Entre aquellos tiempos inmediatamente posteriores a la Transición y la actualidad, el nacionalismo trató de convencer del derecho a decidir a las mismas gentes que comulgaron ingenuamente con la rueda de molino de la inmersión lingüística de los castellanos. Existe un derecho a decidir, a la autodeterminación, que incluso los partidos de la izquierda incluían en sus programas, insistían con razón. Cada dos o tres generaciones, decían, los ciudadanos deben disponer de la posibilidad de decidir su futuro.

Pero era mentira, entonces y ahora.

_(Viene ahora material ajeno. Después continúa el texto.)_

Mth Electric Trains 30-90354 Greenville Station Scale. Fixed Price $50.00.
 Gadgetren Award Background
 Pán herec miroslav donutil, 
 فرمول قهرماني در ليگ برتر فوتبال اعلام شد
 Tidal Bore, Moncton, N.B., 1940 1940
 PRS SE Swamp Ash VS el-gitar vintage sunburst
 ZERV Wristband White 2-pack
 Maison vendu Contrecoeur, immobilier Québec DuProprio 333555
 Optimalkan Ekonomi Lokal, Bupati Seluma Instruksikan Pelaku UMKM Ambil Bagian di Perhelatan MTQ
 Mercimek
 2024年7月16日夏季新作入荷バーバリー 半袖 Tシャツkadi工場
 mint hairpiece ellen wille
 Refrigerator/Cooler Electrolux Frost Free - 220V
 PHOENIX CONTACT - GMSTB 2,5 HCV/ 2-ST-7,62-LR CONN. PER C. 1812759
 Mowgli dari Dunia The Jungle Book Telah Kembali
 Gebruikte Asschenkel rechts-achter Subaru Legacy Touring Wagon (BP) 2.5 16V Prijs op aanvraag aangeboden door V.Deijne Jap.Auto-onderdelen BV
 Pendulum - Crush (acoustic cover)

El nacionalismo catalán convocó un referéndum en noviembre de 2014, una consulta ilegal en la que participaron 2,25 millones de personas. El doble “sí” obtuvo el 80,76% de los votos, mientras que otro 10% dijo querer Estado propio, pero no separado de España.

Pese al “éxito total” obtenido, en palabras del entonces president, Artur Mas, tres años más tarde los responsables de la Generalitat volvieron a intentarlo. El triunfo arrollador del 9N apenas había animado a participar el 37% de un censo inflado con mayores de 16 años y extranjeros con permiso de residencia. O sea, reconociendo implícitamente que habían perdido en las urnas, las volvieron a colocar el 1 de octubre de 2017: entonces acudieron 2,286 millones de catalanes, el 43% del censo normalizado.

En uno de sus frecuentes deslices, Quim Torra ya se ha brindado a invitar a los catalanes a ejercer de nuevo el derecho a la autodeterminación.

Pero, ojo, que no se trata de una respuesta a la cerrazón del Estado, sino que forma parte de la esencia de la ideología totalitaria del nacionalismo. Habrá tantos referéndums como haga falta hasta que triunfe de verdad el sí a la separación, no como en las parodias búlgaras de 2014 y 2017. Es lo mismo que ocurrió en Canadá y lo que sucede en Escocia. Si los separatistas de Quebec hubieran triunfado en 1980, la reivindicación se habría acabado, como habría ocurrido en Edimburgo en 2014. Y sin que los canadienses ni los británicos tuvieran oportunidad de defender la unión en una nueva consulta.